Contacté par l'AFP le 6 juin 2025, le syndic a précisé que "le règlement de copropriété en vigueur sur cette copropriété interdisait expressément l'accrochage de tout objet sur les façades et balcons de l'immeuble, quelle que soit leur nature".

"Ainsi, à la suite d'une demande d'une copropriétaire, le sujet avait été inscrit à l'ordre du jour de la prochaine assemblée générale. La gestionnaire de la résidence avait alors, dans le cadre de l'application du règlement, adressé un courrier au copropriétaire concerné", explique le groupe Foncia.

"La formulation du courrier, reflet d'une initiative isolée non représentative des méthodes et valeurs du groupe, avait conduit la direction de Foncia à l'époque à exprimer publiquement ses regrets quant à la maladresse du ton employé. Aujourd'hui, nous réaffirmons notre attachement aux principes de dialogue, de respect des libertés individuelles et aux valeurs républicaines, tout en veillant à faire appliquer les règlements de copropriété dans un esprit de mesure et de responsabilité", conclut le syndic.

L'affaire avait été "amplifiée localement puis nationalement" dès 2016, relève le syndic, notamment sur les réseaux sociaux et par certains acteurs politiques.

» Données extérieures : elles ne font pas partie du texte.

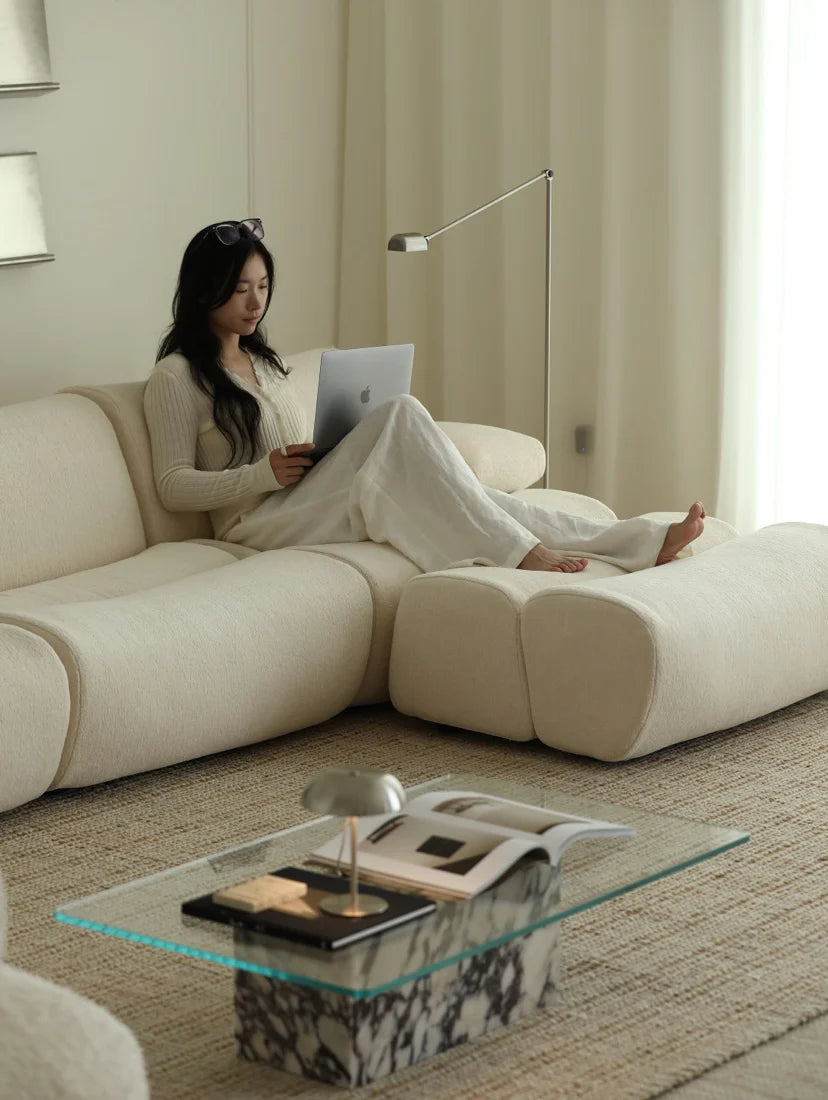 Woman using a laptop on a beige sofa in a modern living room.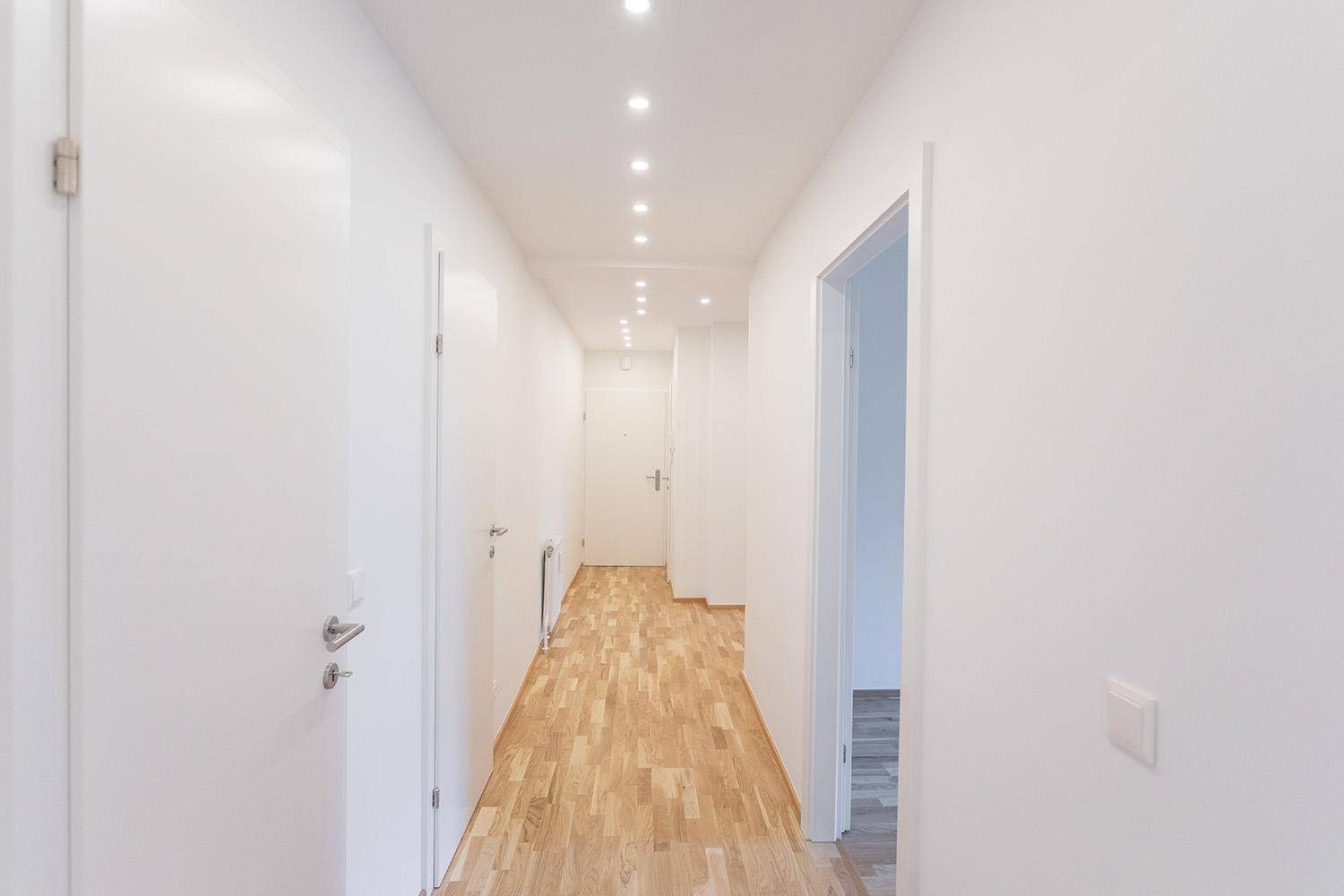 Heller Flur mit Holzboden und Einbaustrahlern, der zu weiteren Räumen der Wohnung führt.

À l'époque, Libération rapportait que cette affaire avait été relayée par des personnalités politiques de droite et d'extrême droite. Nicolas Dupont-Aignan (Debout la France) ou encore Florian Philippot, alors vice-président du Front national (devenu depuis Rassemblement national), s'étaient notamment indignés d'un "délire anti-patriotique" et avaient encouragé les Français à accrocher le drapeau tricolore à leurs fenêtres par "fierté" pour leur pays (liens archivés ici, ici et ici).